3 ' Sur les demandes accessoires
Infirmant le jugement entrepris, la société H&M, partie perdante à l’instance, est tenue de supporter la charge des dépens de première instance et d’appel.
Par application des dispositions de l’article 700 du code de procédure civile il convient d’infirmer le jugement déféré et de condamner la société H&M à payer à Mme C Y la somme de 2 000 euros au titre des frais irrépétibles exposés en première instance et en cause d’appel.
PAR CES MOTIFS':
La cour, statuant publiquement, par arrêt contradictoire, après en avoir délibéré conformément à la loi,
INFIRME la décision entreprise en toutes ses dispositions';
Statuant à nouveau et y ajoutant,
DIT que la prise d’acte par Mme C Y de la rupture de son contrat de travail par courrier du 18 mai 2017 produit les effets d’un licenciement nul';
CONDAMNE la société R & S H&M SARL à payer à Mme C Y les sommes de':
- quatre mille cent vingt euros (4'120 euros) bruts au titre de l’indemnité compensatrice de préavis,
- quatre cent douze euros (412 euros) bruts au titre de l’indemnité compensatrice de congés payés afférents,
- quatre mille trois cent soixante six euros et quatorze centimes (4'366,14 euros) au titre de l’indemnité légale de licenciement,
- douze mille cinq cents euros (12'500'euros) nets à titre de dommages et intérêts pour licenciement nul,
DEBOUTE Mme C Y du surplus de ses prétentions financières ;
DEBOUTE la société R & S H&M SARL de sa demande en dommages et intérêts au titre d’un non-respect du préavis conventionnel de démission ;
CONDAMNE la société R & S H&M SARL à payer à Mme C Y la somme de deux mille euros (2'000 euros) au titre des dispositions de l’article 700 du code de procédure civile';
CONDAMNE la société R & S H&M SARL aux entiers dépens de la procédure de première instance et d’appel.
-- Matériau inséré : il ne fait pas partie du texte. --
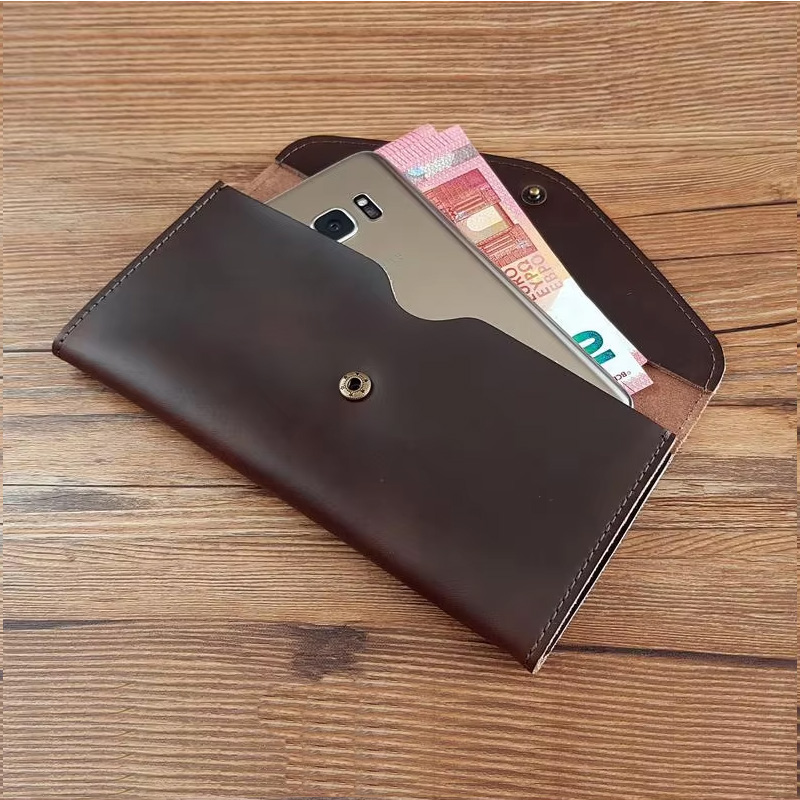 Women Bags Ck - Özel İsimli El Yapımı Deri Zarf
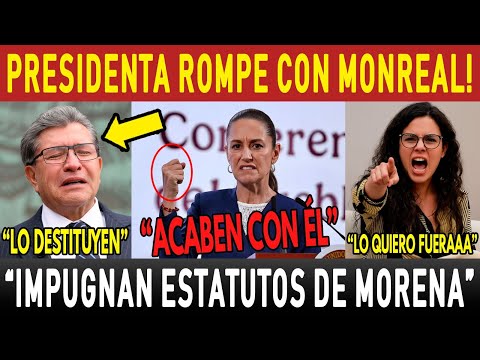 JUEVESAZO! PRESIDENTA ROMPE CON MONREAL. IMPUGNARÁN  ESTATUTOS MORENA. SE AMACHAN CON ZACATECAS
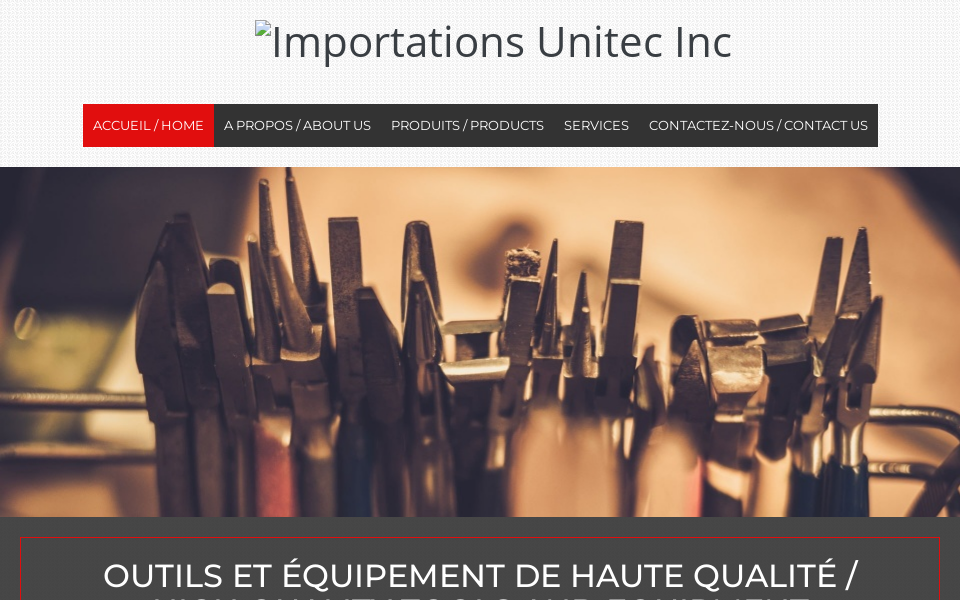 unitecinc.com/ screen capture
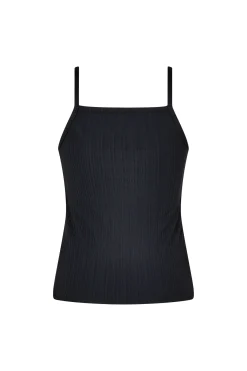 ELCE Swim Tops-JUNI TANK - BLACK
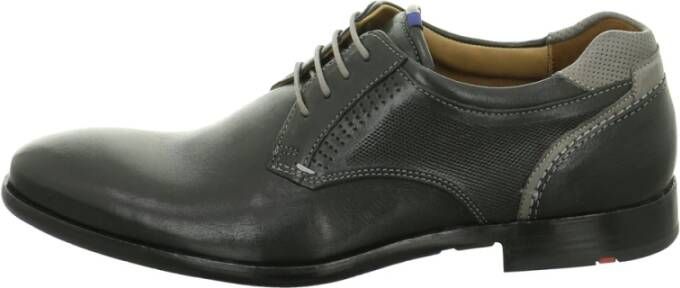 Lloyd Klassieke zwarte veterschoenen Black Heren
Prononcé publiquement par mise à disposition de l’arrêt au greffe de la Cour, les parties ayant été préalablement avisées dans les conditions prévues au deuxième alinéa de l’article 450 du code de procédure civile.
Signé par Mme Blandine FRESSARD, Présidente et par Mme Carole COLAS, Greffière à laquelle la minute de la décision a été remise par le magistrat signataire.